◆ **About this exercise**:
Output the data in full and exactly as presented.

Collected data entries:
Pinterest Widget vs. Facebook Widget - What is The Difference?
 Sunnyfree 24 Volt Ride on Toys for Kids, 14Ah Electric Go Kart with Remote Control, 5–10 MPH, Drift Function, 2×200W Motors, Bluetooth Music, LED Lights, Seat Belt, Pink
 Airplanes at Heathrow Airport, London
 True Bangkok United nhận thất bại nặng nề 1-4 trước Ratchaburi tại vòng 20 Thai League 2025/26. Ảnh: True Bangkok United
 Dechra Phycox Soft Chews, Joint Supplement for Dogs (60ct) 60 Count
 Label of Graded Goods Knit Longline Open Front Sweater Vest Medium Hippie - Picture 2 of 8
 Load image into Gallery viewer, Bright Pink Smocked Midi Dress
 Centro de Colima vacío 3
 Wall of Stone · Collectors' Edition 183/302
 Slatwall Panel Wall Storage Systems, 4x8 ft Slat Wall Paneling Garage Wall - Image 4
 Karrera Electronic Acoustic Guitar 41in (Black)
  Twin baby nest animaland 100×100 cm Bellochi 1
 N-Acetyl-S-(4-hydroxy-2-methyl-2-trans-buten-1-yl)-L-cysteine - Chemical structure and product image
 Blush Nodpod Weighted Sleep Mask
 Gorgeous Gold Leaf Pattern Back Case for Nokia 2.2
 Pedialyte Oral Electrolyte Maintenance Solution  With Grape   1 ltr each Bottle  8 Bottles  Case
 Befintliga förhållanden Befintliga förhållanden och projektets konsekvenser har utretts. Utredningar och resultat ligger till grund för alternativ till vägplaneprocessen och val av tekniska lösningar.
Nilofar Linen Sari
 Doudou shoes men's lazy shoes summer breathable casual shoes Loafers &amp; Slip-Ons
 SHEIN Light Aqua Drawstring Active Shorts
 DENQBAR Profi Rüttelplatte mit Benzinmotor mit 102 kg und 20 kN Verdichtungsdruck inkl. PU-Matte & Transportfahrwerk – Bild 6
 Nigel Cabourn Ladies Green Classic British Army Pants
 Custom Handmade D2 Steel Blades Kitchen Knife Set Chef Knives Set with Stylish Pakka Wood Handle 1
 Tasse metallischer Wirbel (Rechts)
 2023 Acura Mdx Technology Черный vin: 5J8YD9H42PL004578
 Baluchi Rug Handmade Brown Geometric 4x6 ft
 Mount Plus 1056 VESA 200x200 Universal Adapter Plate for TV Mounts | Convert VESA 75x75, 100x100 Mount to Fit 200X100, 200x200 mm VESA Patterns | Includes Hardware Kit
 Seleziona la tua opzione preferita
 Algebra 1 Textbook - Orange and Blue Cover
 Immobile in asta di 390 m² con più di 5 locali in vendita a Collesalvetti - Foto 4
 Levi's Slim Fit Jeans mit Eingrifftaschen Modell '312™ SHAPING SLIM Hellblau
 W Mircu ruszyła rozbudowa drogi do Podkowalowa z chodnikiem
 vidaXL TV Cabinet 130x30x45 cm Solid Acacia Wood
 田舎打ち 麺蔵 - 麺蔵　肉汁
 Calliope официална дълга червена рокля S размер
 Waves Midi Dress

◆ **Solution for this exercise**:
Pinterest Widget vs. Facebook Widget - What is The Difference?
 Sunnyfree 24 Volt Ride on Toys for Kids, 14Ah Electric Go Kart with Remote Control, 5–10 MPH, Drift Function, 2×200W Motors, Bluetooth Music, LED Lights, Seat Belt, Pink
 Airplanes at Heathrow Airport, London
 True Bangkok United nhận thất bại nặng nề 1-4 trước Ratchaburi tại vòng 20 Thai League 2025/26. Ảnh: True Bangkok United
 Dechra Phycox Soft Chews, Joint Supplement for Dogs (60ct) 60 Count
 Label of Graded Goods Knit Longline Open Front Sweater Vest Medium Hippie - Picture 2 of 8
 Load image into Gallery viewer, Bright Pink Smocked Midi Dress
 Centro de Colima vacío 3
 Wall of Stone · Collectors' Edition 183/302
 Slatwall Panel Wall Storage Systems, 4x8 ft Slat Wall Paneling Garage Wall - Image 4
 Karrera Electronic Acoustic Guitar 41in (Black)
  Twin baby nest animaland 100×100 cm Bellochi 1
 N-Acetyl-S-(4-hydroxy-2-methyl-2-trans-buten-1-yl)-L-cysteine - Chemical structure and product image
 Blush Nodpod Weighted Sleep Mask
 Gorgeous Gold Leaf Pattern Back Case for Nokia 2.2
 Pedialyte Oral Electrolyte Maintenance Solution  With Grape   1 ltr each Bottle  8 Bottles  Case
 Befintliga förhållanden Befintliga förhållanden och projektets konsekvenser har utretts. Utredningar och resultat ligger till grund för alternativ till vägplaneprocessen och val av tekniska lösningar.
Nilofar Linen Sari
 Doudou shoes men's lazy shoes summer breathable casual shoes Loafers &amp; Slip-Ons
 SHEIN Light Aqua Drawstring Active Shorts
 DENQBAR Profi Rüttelplatte mit Benzinmotor mit 102 kg und 20 kN Verdichtungsdruck inkl. PU-Matte & Transportfahrwerk – Bild 6
 Nigel Cabourn Ladies Green Classic British Army Pants
 Custom Handmade D2 Steel Blades Kitchen Knife Set Chef Knives Set with Stylish Pakka Wood Handle 1
 Tasse metallischer Wirbel (Rechts)
 2023 Acura Mdx Technology Черный vin: 5J8YD9H42PL004578
 Baluchi Rug Handmade Brown Geometric 4x6 ft
 Mount Plus 1056 VESA 200x200 Universal Adapter Plate for TV Mounts | Convert VESA 75x75, 100x100 Mount to Fit 200X100, 200x200 mm VESA Patterns | Includes Hardware Kit
 Seleziona la tua opzione preferita
 Algebra 1 Textbook - Orange and Blue Cover
 Immobile in asta di 390 m² con più di 5 locali in vendita a Collesalvetti - Foto 4
 Levi's Slim Fit Jeans mit Eingrifftaschen Modell '312™ SHAPING SLIM Hellblau
 W Mircu ruszyła rozbudowa drogi do Podkowalowa z chodnikiem
 vidaXL TV Cabinet 130x30x45 cm Solid Acacia Wood
 田舎打ち 麺蔵 - 麺蔵　肉汁
 Calliope официална дълга червена рокля S размер
 Waves Midi Dress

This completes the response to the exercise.